The global ratings agency expects Malaysia’s economy to grow faster than similarly rated sovereigns in 2026, supported by its diversified and competitive economic structure, abundant natural resources and large domestic savings base.
According to Moody’s, these strengths, together with Malaysia’s sizeable domestic investor base, continue to support the government’s financing needs, reduce liquidity risks and help maintain moderate borrowing costs.
Prime Minister and Finance Minister Datuk Seri Anwar Ibrahim said the affirmation reflects Malaysia’s economic resilience and the progress achieved in strengthening fiscal discipline, improving governance and broadening the country’s revenue base.
“The reform agenda has not been easy, and there is still a long journey ahead before its full benefits can be realised. This assessment should not make us complacent.

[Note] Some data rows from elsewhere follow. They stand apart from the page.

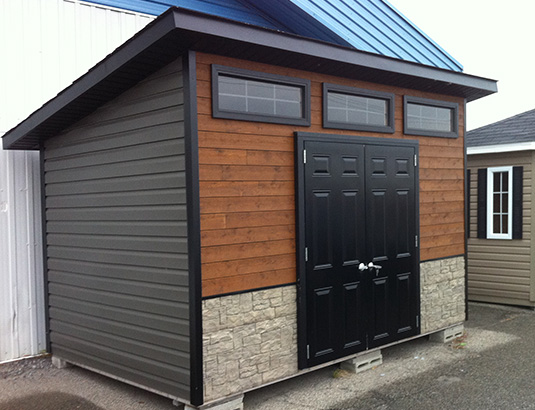 Cabanons Riopel | 1190 QC-341, LAssomption, QC J5W 3P3, Canada | Phone: (450) 588-2574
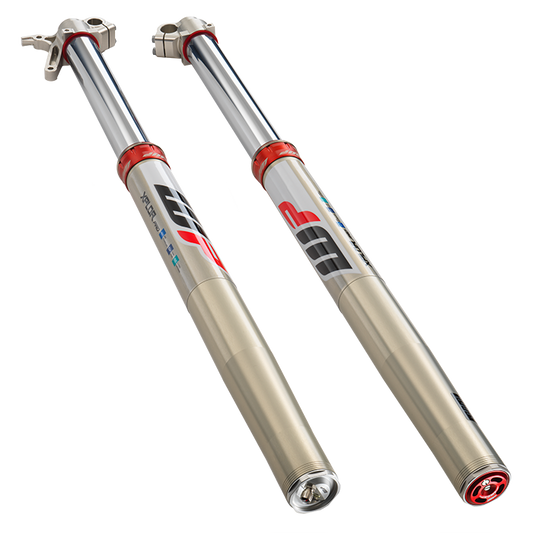 XPLOR PRO 7448 AIR FORKS | ENDURO & DUALSPORT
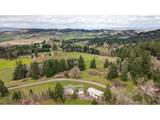 7280 Eola Hills Rd - Photo 48
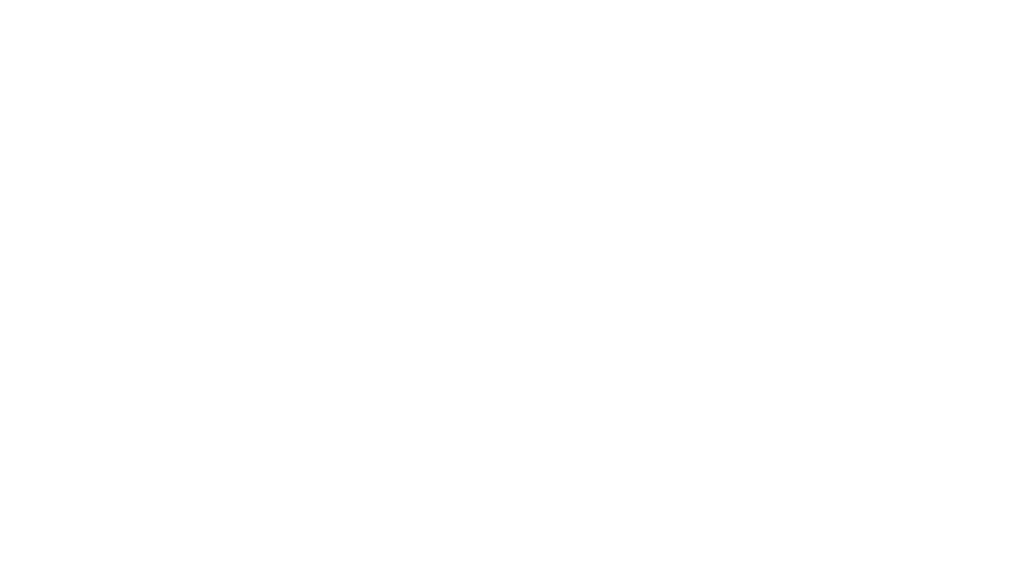 starz-logo-white (1)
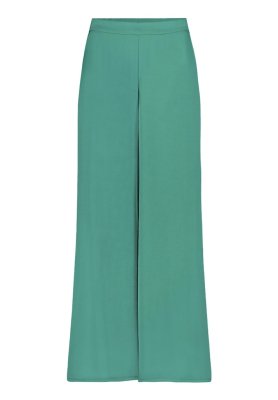 Vera Mont Hose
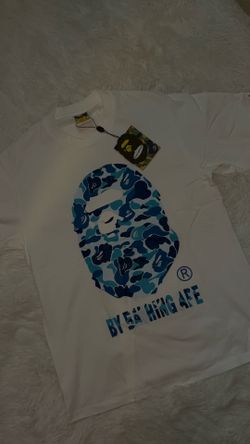 Bape t shirts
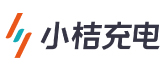 官網(wǎng)_logo-07.jpg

Instead, it should strengthen our resolve to intensify reform efforts to ensure that prudent economic management translates into higher incomes, broader opportunities and tangible improvements in the well-being of the people,” he said.
Anwar added that Malaysia must continue preserving domestic stability, policy certainty and reform momentum amid ongoing geopolitical tensions and global market uncertainties.
The government, he said, remains focused on protecting the economy while strengthening the foundations for sustainable long-term growth.
Malaysia’s economy expanded 5.4% year-on-year in the first quarter of 2026, following growth of 5.2% in 2025.
Moody’s attributed the stronger performance to robust domestic demand, particularly private consumption and investment, alongside firmer exports of electronic products.
Despite challenges arising from geopolitical tensions in the Middle East, volatile global energy prices and softer external demand, the ratings agency expects Malaysia to continue outperforming many sovereign peers with similar credit ratings.
Moody’s also acknowledged that revenue reforms introduced since 2023 have successfully broadened the government’s tax base, supporting gradual fiscal consolidation efforts.
The agency noted that these reforms have helped strengthen public finances despite higher subsidy expenditures stemming from elevated global energy prices and increased development spending under the upcoming 13th Malaysia Plan (13MP).
In addition, Moody’s highlighted Malaysia’s strong executive and legislative institutions, effective macroeconomic policymaking track record, favourable domestic financing conditions and overall macroeconomic stability as key credit strengths.
The agency said the Stable Outlook reflects balanced risks to Malaysia’s credit profile.
A stronger economic performance and faster fiscal consolidation could further boost government revenue generation, reduce debt levels and improve debt affordability over time.
The government noted that a range of economic indicators point to strengthening economic fundamentals.
Malaysia’s unemployment rate fell to 2.9% in the first quarter of 2026, the lowest level in more than a decade, while total employment rose to 16.7 million people. A total of 48,500 new jobs were created during the quarter.
Malaysia also climbed eight places to 15th position out of 70 economies in the 2026 IMD World Competitiveness Ranking, marking its highest ranking since 2020.
The country retained its fourth-place global ranking for Economic Performance while recording improvements in Government Efficiency, Business Efficiency and Infrastructure.
Meanwhile, the ringgit strengthened 10.1% against the US dollar in 2025, making it the best-performing currency in Asia during the year.
The Government reiterated its commitment to fiscal objectives outlined under the Public Finance and Fiscal Responsibility Act 2023 (Act 850).
The administration said it will continue efforts to broaden revenue sources, improve spending efficiency, strengthen fiscal transparency and enhance subsidy targeting while safeguarding the welfare of Malaysians.